Structured as a series of interlinked chapters, each anchored to a specific burial ground, the book moves from rural family plots in Appalachia to urban Victorian cemeteries, coastal burial grounds shaped by rising seas, Scottish mortuary chapels, and early Quaker meetinghouse grounds outside Philadelphia. Each site becomes a portal into the community that holds it, its histories, traumas, ecologies, and acts of care. Through walking, mapping, photographing, drawing, and talking with those who maintain and use these places, the book traces how cemeteries function as unexpected commons: green corridors in dense cities, sanctuaries for collective memory, indicators of environmental change, and sites where the living continually renegotiate the relationship between public and private, sacred and civic, permanence and impermanence.
Across the chapters, the book advances a central argument: cemeteries are not simply about the dead. They are about how the living choose to remember, preserve, land-manage, resist erasure, and imagine a future. Whether the Sugarlands Cemetery buried within a national park reshaped by tourism and wilderness policy, the Dorotheenstädtischer Friedhof holding philosophers and poets in the center of a rapidly transforming Berlin, or the Elizabeth Fraser Mortuary Chapel in Arbroath standing against coastal erosion and industrial legacy, these sites reveal how communities adapt to structural change and how landscapes are always in motion.
As an artist and social geographer, I bring a hybrid methodology to the page including my field notes, historical fragments, spatial analysis, narrative nonfiction, architectural description, personal memory, and a studio-based drawing practice that serves as a mode of thinking rather than mere illustration. Together, these elements create a textured, accessible, and deeply empathetic portrait of cemeteries as liminal spaces that hold both the weight of history and the urgencies of our contemporary moment.

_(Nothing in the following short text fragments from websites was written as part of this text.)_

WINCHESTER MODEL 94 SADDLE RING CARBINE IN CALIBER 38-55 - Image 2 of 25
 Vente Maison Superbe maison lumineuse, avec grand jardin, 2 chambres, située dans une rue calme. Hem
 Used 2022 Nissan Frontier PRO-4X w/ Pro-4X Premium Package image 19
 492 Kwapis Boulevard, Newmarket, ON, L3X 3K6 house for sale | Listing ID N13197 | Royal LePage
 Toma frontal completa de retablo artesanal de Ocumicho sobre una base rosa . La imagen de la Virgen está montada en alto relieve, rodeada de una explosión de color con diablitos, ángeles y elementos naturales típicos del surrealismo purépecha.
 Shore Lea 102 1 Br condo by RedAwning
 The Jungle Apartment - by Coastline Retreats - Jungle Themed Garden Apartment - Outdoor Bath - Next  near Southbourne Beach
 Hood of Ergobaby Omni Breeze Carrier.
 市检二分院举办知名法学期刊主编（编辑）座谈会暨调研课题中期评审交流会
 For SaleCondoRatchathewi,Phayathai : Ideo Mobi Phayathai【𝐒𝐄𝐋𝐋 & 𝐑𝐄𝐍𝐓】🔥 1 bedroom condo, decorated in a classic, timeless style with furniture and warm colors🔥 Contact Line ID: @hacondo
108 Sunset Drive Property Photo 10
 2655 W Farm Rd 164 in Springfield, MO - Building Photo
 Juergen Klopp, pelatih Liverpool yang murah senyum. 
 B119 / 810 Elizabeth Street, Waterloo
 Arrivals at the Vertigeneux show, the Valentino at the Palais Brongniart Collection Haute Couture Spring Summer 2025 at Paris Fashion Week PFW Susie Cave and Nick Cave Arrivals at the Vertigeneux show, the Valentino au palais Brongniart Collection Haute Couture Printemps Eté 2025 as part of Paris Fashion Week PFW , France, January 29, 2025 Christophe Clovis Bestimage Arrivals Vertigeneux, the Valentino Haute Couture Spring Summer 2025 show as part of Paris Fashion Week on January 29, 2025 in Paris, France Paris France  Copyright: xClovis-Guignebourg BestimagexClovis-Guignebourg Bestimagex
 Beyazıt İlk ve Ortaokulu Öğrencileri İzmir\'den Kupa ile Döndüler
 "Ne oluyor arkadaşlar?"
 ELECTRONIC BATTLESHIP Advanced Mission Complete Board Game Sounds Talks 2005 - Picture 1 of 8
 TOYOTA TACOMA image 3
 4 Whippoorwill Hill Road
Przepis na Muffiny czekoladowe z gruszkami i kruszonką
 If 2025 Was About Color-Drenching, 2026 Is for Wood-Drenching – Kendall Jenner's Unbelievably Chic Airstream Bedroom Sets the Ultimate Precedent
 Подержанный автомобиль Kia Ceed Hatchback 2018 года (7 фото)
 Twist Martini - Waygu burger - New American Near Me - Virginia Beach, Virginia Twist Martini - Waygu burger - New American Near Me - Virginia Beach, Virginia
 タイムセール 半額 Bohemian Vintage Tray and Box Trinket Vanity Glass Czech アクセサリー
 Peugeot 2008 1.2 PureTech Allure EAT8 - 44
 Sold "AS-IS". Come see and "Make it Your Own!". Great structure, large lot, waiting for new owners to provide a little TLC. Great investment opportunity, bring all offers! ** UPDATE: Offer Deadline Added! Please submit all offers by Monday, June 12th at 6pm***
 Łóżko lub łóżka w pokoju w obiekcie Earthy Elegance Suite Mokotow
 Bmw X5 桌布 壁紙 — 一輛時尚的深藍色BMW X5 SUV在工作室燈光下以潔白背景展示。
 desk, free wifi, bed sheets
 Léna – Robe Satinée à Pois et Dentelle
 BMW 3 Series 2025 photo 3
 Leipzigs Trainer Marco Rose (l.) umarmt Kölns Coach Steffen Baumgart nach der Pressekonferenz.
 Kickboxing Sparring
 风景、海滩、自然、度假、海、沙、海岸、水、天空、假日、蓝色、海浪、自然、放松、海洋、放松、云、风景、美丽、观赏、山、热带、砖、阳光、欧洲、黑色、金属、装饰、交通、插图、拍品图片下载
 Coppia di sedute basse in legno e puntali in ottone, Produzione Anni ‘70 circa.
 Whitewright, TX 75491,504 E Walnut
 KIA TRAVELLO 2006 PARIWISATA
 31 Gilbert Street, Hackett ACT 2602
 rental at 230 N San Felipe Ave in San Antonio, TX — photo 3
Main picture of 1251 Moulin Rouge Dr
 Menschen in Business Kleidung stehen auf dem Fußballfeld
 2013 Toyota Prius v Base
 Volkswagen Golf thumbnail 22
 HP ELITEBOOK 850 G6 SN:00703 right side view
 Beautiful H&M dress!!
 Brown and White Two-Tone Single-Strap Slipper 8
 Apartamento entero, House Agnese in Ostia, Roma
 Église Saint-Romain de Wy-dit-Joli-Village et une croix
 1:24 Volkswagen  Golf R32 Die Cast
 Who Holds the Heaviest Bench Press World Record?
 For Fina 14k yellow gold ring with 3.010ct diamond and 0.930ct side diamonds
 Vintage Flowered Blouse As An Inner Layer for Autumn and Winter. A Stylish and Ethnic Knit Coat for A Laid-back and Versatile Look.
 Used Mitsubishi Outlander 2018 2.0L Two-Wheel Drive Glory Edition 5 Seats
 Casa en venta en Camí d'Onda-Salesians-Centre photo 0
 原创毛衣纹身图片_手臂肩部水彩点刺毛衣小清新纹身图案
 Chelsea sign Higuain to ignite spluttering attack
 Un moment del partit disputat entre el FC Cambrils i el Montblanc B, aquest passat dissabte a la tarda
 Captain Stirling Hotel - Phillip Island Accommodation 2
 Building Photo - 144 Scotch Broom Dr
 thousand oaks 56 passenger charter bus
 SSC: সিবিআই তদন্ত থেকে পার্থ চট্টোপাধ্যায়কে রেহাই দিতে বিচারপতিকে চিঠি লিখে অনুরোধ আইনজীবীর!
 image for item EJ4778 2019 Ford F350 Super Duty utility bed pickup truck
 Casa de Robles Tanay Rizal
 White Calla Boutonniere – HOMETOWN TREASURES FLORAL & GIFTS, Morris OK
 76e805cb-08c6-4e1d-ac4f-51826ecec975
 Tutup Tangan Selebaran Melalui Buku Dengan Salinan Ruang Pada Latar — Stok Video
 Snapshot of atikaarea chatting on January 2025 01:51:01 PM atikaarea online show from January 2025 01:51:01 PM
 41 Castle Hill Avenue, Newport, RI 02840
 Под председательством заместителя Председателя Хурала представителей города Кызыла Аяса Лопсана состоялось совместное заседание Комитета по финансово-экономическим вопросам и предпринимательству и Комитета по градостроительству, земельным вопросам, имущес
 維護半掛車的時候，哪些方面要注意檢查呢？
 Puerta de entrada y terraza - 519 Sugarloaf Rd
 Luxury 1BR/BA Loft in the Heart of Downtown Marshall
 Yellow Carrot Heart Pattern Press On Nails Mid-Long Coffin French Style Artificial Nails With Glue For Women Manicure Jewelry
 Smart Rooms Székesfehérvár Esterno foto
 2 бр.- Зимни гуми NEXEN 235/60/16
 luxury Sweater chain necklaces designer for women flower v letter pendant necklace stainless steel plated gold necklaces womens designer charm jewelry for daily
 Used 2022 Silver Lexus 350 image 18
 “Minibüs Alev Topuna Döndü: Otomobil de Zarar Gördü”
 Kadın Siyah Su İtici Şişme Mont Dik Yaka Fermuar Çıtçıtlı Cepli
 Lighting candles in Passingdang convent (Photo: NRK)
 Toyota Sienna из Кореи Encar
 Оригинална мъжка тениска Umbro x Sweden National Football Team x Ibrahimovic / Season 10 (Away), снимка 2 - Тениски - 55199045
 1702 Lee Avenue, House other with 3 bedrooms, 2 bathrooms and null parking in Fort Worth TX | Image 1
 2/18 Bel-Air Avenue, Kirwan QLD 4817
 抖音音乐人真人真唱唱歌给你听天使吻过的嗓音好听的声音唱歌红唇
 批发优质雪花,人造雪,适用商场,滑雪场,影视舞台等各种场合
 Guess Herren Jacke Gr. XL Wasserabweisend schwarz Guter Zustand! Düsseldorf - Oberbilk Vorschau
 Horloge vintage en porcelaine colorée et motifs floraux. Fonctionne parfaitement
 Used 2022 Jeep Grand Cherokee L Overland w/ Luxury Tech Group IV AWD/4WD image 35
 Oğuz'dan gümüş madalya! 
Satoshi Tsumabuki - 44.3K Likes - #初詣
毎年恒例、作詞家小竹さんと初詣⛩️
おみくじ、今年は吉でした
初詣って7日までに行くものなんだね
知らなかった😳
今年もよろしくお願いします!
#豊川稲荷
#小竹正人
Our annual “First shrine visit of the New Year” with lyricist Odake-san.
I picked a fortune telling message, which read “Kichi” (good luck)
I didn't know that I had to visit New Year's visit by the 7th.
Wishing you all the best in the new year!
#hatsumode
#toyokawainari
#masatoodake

Part cultural geography, part travelogue, part meditation on loss and care, Mapping the Liminal speaks to readers interested in place, landscape, memory studies, environmental change, and the ways we attach meaning to the ground beneath us. It offers a new understanding of cemeteries as vibrant, evolving, and profoundly human spaces by reminding us that how we bury reveals who we are, what we value, and how we hope to be remembered.